▶ **Provided information**:

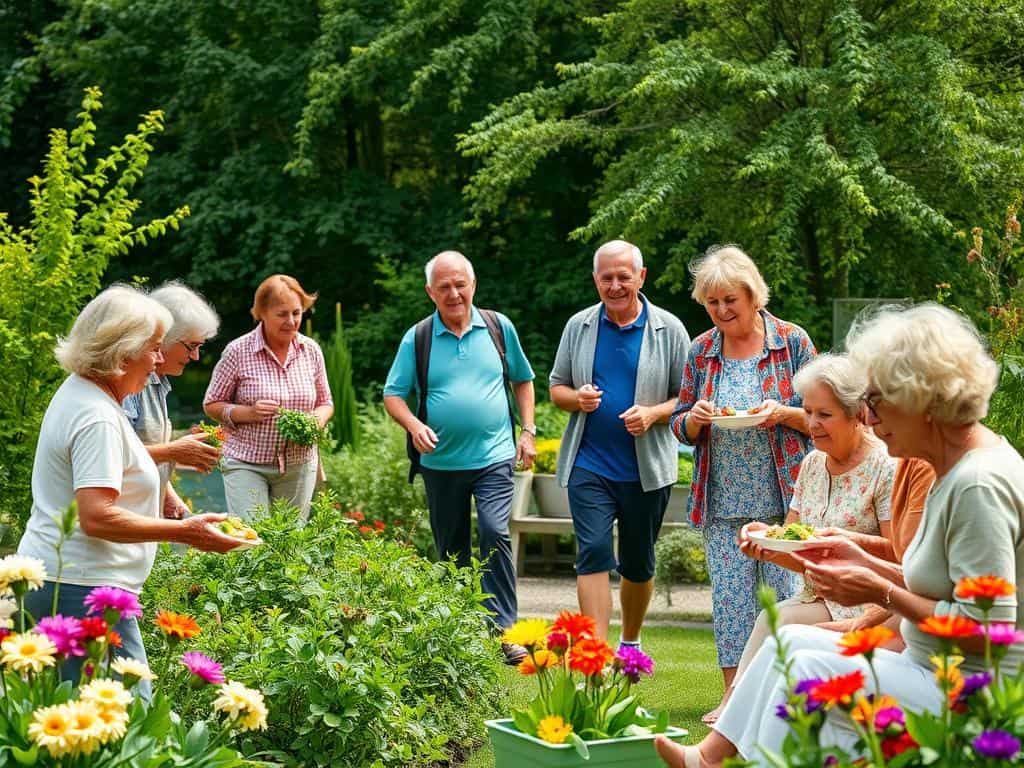 Healthy Aging Tips Healthy Aging Tips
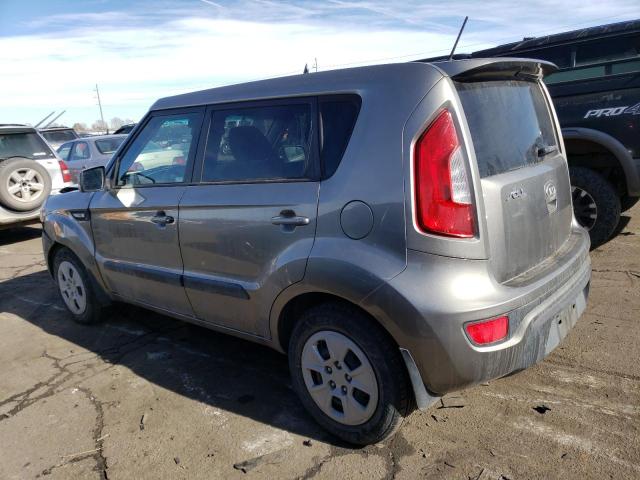 Photo 2 from auction – 2013 KIA SOUL with VIN KNDJT2A5XD7608509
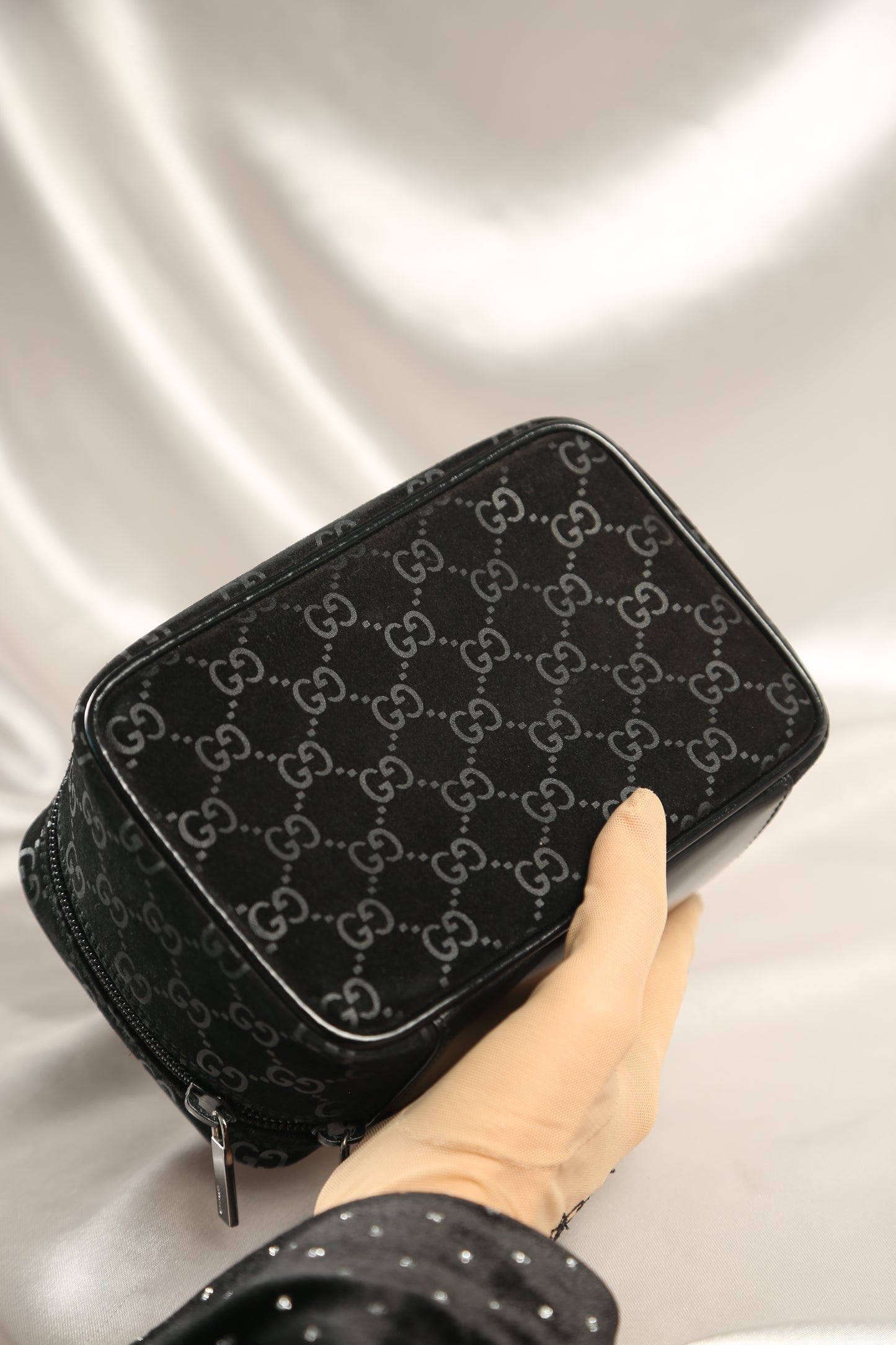 Extremely Rare GUCCI Vanity Bag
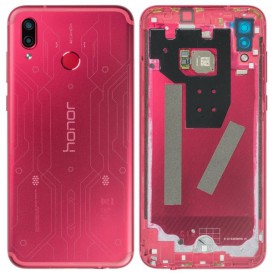 Coque arrière - Huawei Honor Play Rouge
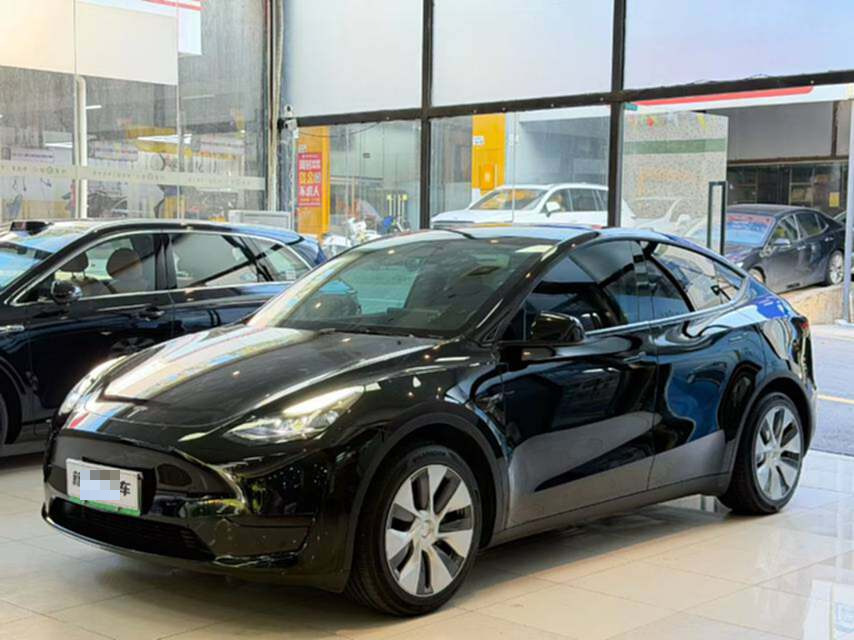 Tesla Model Y 2022 car image #2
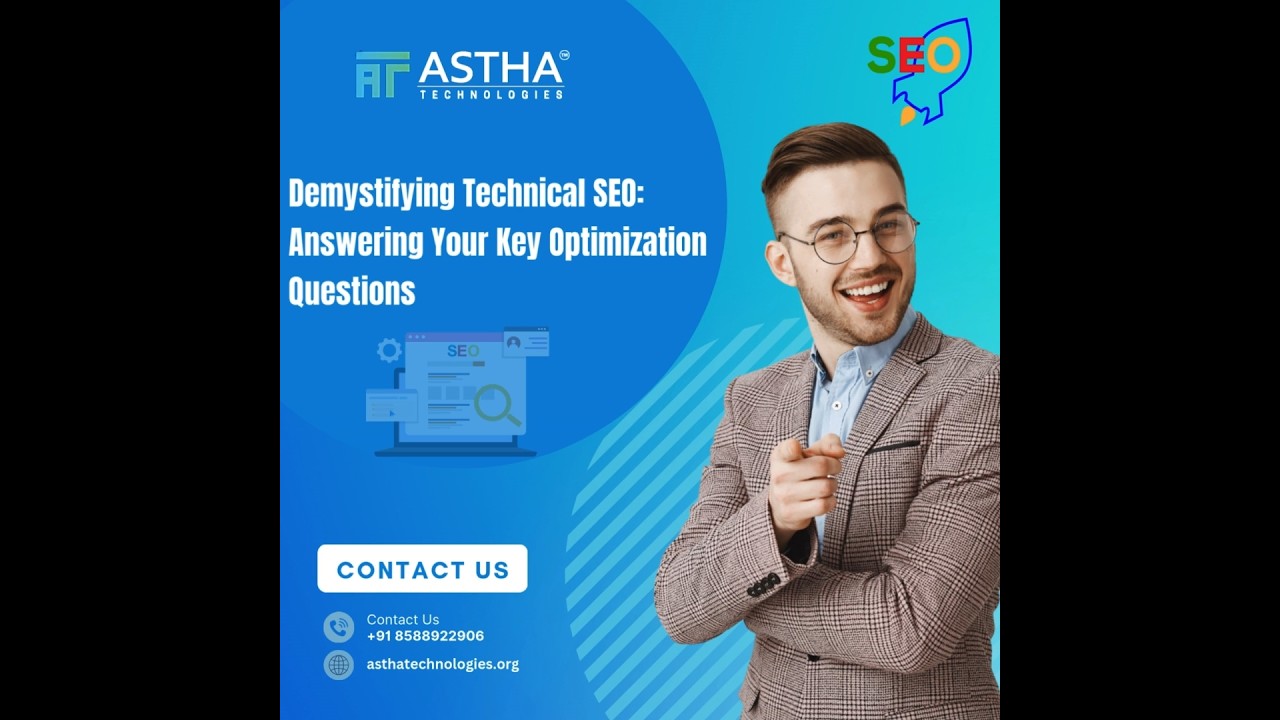 Demystifying Technical SEO and Site Optimization: Expert Answers to Your Queries 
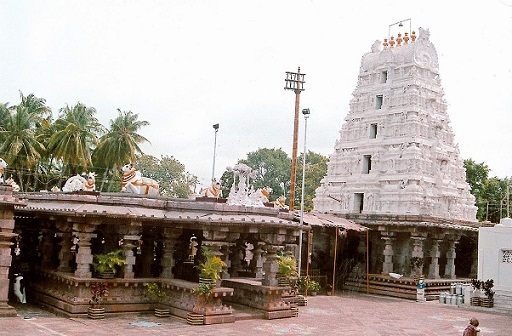 Ashtalakshmi templom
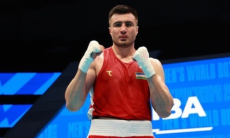 Баходир Джалолов без боя получил «золото» на турнире с участием Казахстана
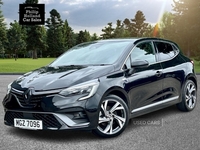 Renault Clio 1.6 E-TECH RS Line Hatchback 5dr Petrol Hybrid Auto Euro 6 (s/s) (140 ps) in Antrim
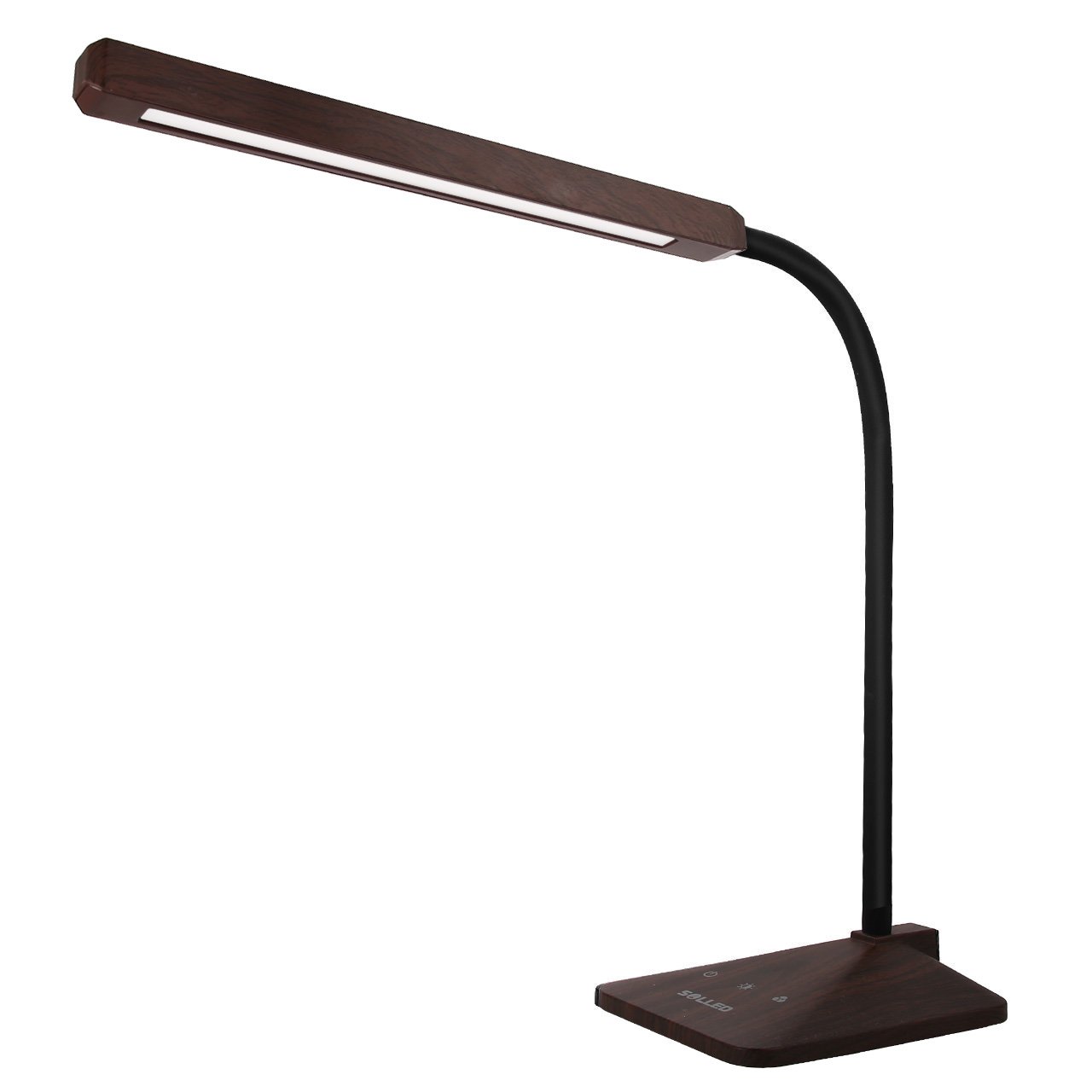 Best desk lamp wood led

▶ **Assignment**:
Set every line of the records down again exactly, and exclude all pictures.

▶ **Task result**:
 Healthy Aging Tips Healthy Aging Tips
 Photo 2 from auction – 2013 KIA SOUL with VIN KNDJT2A5XD7608509
 Extremely Rare GUCCI Vanity Bag
 Coque arrière - Huawei Honor Play Rouge
 Tesla Model Y 2022 car image #2
 Demystifying Technical SEO and Site Optimization: Expert Answers to Your Queries 
 Ashtalakshmi templom
 Баходир Джалолов без боя получил «золото» на турнире с участием Казахстана
 Renault Clio 1.6 E-TECH RS Line Hatchback 5dr Petrol Hybrid Auto Euro 6 (s/s) (140 ps) in Antrim
 Best desk lamp wood led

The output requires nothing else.